Assigning unbinned contigs to bins uses classification methods (Random Forest, Linear Discriminant Analysis, and k-Nearest Neighbors) trained on methylation data. If all three classifiers assigns an unbinned contig to the same bin, with a join mean probability above 0.80, the contig is assigned to that bin. This is called a high_confidence assignment. Besides the aforementioned high_confidence assignment, contigs can also be medium and low confidence assigments. medium_confidence assignments are contigs where all three classifiers agree but the join probability is below 0.8. low_confidence is when only two classifiers agree. high_confidence assignments are outputted in a new_contig_bin.tsv file.

Column	Description
contig	Identifier of the previously unbinned contig.
bin	The original bin assignment. “unbinned” indicates no prior assignment.
assigned_bin	The bin predicted for this contig by the classifiers.
method	The classification method (knn, lda, rf). knn = k-Nearest Neighbors, lda = Linear Discriminant Analysis, rf = Random Forest.
prob	The probability assigned by the method for placing the contig in `assigned_bin`.
mean_prob	The average probability from all methods for the contig-bin pair.
confidence	Qualitative confidence (“high_confidence”, “medium_confidence”, “low_confidence”). High confidence predictions are more reliable.

MTase-Linker

Overview:
The MTase-linker module attempts to link discovered motifs to predicted MTase genes. MTases are part of Restriction-Modification (RM) systems and recognize specific DNA motifs. By integrating motif discovery results with gene prediction and homology searches, MTase-linker outputs files listing MTase genes, their predicted motif specificity, and whether the discovered motifs can be confidently linked to them.

Files:

mtase_assignment_table.tsv: Lists all predicted MTase genes, their likely modification type and motif specificity, and whether a motif is linked.
nanomotif_assignment_table.tsv: Similar to bin-motifs.tsv, with added columns indicating whether a motif is linked to a specific MTase.

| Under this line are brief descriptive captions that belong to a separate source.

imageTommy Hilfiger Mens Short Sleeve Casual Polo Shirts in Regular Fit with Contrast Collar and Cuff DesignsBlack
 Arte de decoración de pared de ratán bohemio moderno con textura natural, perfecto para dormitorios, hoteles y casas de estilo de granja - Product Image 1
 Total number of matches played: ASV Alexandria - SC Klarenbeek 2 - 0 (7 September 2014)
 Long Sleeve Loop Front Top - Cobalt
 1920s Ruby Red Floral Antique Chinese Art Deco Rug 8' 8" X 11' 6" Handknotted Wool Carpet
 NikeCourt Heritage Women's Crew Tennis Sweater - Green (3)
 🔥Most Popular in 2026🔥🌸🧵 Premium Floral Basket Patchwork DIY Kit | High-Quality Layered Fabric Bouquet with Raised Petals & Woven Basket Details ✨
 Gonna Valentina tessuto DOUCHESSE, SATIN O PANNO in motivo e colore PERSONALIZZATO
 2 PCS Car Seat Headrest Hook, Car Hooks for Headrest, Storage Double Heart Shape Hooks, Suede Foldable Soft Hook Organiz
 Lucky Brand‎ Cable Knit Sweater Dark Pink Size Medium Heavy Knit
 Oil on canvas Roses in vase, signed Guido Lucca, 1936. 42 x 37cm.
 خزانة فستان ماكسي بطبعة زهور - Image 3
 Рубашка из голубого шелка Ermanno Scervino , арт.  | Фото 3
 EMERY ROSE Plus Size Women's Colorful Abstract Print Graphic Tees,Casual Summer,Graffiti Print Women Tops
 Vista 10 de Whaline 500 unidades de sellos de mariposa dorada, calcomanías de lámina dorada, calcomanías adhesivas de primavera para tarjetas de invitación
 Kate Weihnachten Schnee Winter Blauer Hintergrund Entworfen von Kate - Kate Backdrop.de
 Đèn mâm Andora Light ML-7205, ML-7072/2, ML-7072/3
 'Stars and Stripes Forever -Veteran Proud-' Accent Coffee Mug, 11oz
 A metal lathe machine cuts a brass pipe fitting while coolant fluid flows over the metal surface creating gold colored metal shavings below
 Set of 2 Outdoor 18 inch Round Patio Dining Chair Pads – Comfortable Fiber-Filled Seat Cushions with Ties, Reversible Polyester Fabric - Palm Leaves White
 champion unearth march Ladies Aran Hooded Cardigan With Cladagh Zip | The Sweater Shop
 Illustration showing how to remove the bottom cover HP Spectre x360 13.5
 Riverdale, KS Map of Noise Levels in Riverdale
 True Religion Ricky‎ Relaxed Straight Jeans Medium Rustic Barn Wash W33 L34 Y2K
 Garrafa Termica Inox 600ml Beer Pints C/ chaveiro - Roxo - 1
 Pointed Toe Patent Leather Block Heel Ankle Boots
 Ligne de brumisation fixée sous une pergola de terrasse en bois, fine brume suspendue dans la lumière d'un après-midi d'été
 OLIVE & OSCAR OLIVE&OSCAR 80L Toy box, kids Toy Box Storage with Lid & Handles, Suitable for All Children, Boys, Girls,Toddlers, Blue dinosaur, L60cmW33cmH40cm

mtase_assignment_table.tsv

Column	Description
bin	The bin/genome in which the MTase gene is located.
gene_id	A unique identifier for each MTase gene, combining the contig ID and a gene number (e.g., “contig_12_5”).
contig	The contig on which the MTase gene is found.
mod_type_pred	The predicted modification type (e.g., ac for 6mA/4mC, m for 5mC).
sub_type	Predicted RM system subtype (I, II, IIG, III).
RM_system	TRUE/FALSE indicating if the MTase is part of a complete RM system.
motif_type_pred	Predicted motif type that the MTase may recognize (palindromic, non-palindromic, bipartite).
REbase_ID	Closest homolog MTase from REbase, if identity and coverage meet the threshold (≥80%).
motif_pred	Predicted recognition motif based on REbase annotation.
linked	TRUE/FALSE indicating if a motif could be unambiguously linked to the MTase gene. If TRUE, see `detected_motif`.
detected_motif	The exact motif sequence linked to this MTase, if `linked` is TRUE.

nanomotif_assignment_table.tsv

This file includes data from bin-motifs.tsv plus two additional columns: linked and candidate_genes.

linked (TRUE/FALSE): Indicates if the motif can be unambiguously attributed to an MTase.
candidate_genes: Lists the MTase genes linked to the motif if linked = TRUE, or other potential candidates if not.

Additional Outputs From Dependencies

MTase-linker uses external tools for gene prediction and annotation:

DefenseFinder output: .../defensefinder/{assembly_name}_processed_defense_finder_systems.tsv lists RM-system gene annotations to verify if MTases form part of a complete RM-system.
MTase amino acid sequences: .../defensefinder/{assembly_name}_processed_defense_finder_mtase.faa contains predicted MTase amino acid sequences.
All predicted protein sequences: .../prodigal/{assembly_name}_processed.faa contains amino acid sequences for all predicted proteins, including MTases.